Daneben ärgern ihn Touristen, die nicht einmal grüßen, aber fragen, wie viele Schafe er habe? „Ich frag doch auch nicht nach deren Einkommen“, meint er.

Und der Wolf? „Prinzipiell habe ich nichts gegen den Wolf – sofern er sich so scheu verhält, wie es uns die Experten immer weismachen wollen“, sagt Gäbler, allerdings zeigten Erfahrungen aus Ost- und Norddeutschland, dass dem keineswegs so sei. „Wenn ein Wolf zum Problem wird, muss er unbürokratisch entnommen werden“, fordert er.

on_Schaefer Gaebler Herde Panorama

Gäblers Schafe ziehen unbelastet von Wolf, Bürokratie oder Touristen langsam weiter zum Brutgebiet des Apollofalters. Die Hunde braucht er nicht mehr, seit die Straße überquert ist. „Die Schafe wissen, wo es Wasser gibt“, sagt der Wanderschäfer, der den Tieren unterwegs immer wieder Gelegenheit zum Fressen gibt.

Am Wasserfass angekommen, hat er dann alle Hände voll zu tun, mehrere Kübel zu füllen, bis alle Schafe und Ziegen ihren Durst gestillt haben.
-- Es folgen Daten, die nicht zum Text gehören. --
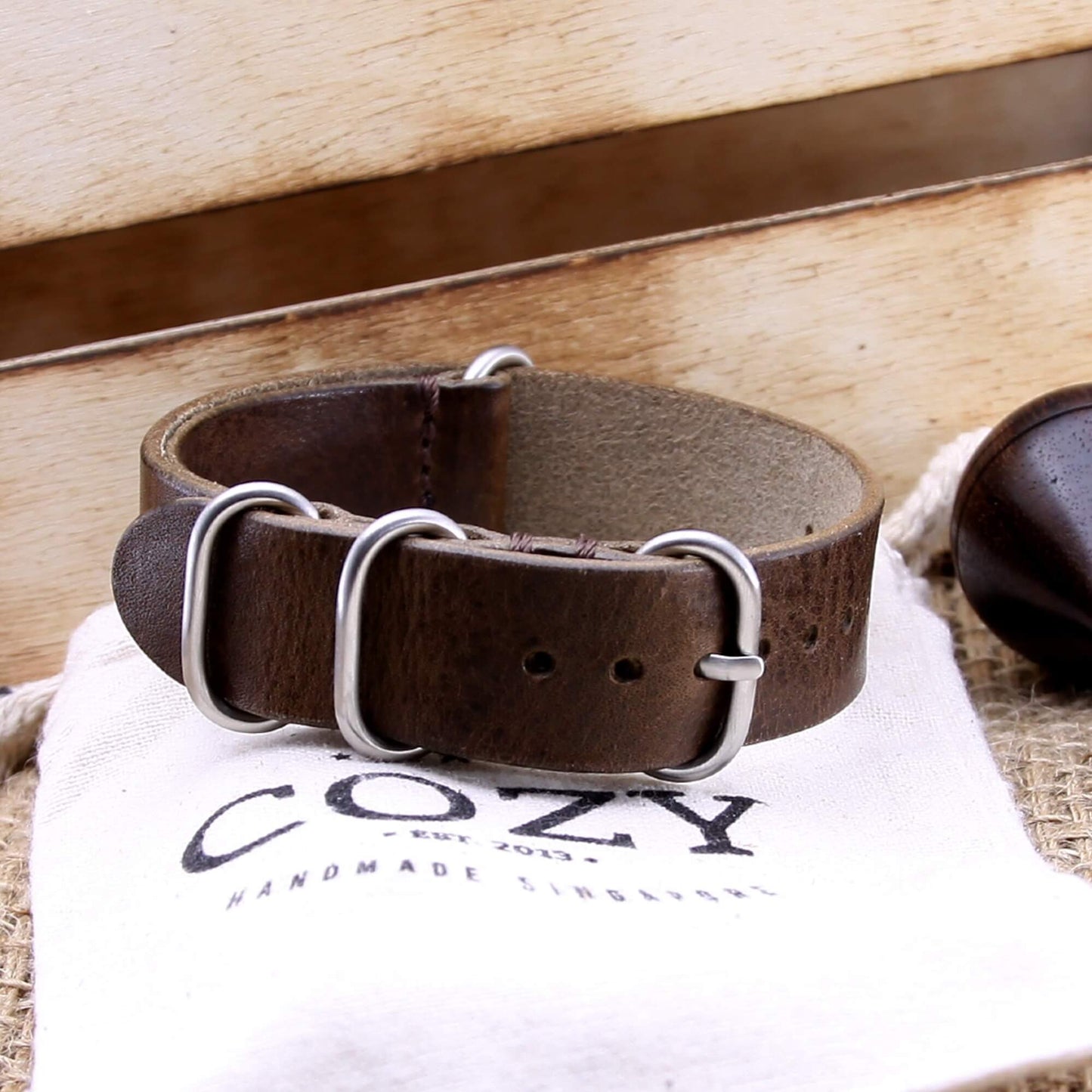 Leather Watch Strap, 4-Ring Vintage 404 | Full Grain Italian Veg Tanned | Cozy Handmade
Alle Hände voll zu tun wird er auch beim Lammauftrieb haben. Der ist zwar mehr für Touristen gedacht – schließlich sind die Schafe längst unterwegs – aber Gäbler spielt seit 18 Jahren geduldig mit. Solang die Eltern auf ihre Kinder aufpassen und sich nicht für ein Foto der Herde in Weg stellen.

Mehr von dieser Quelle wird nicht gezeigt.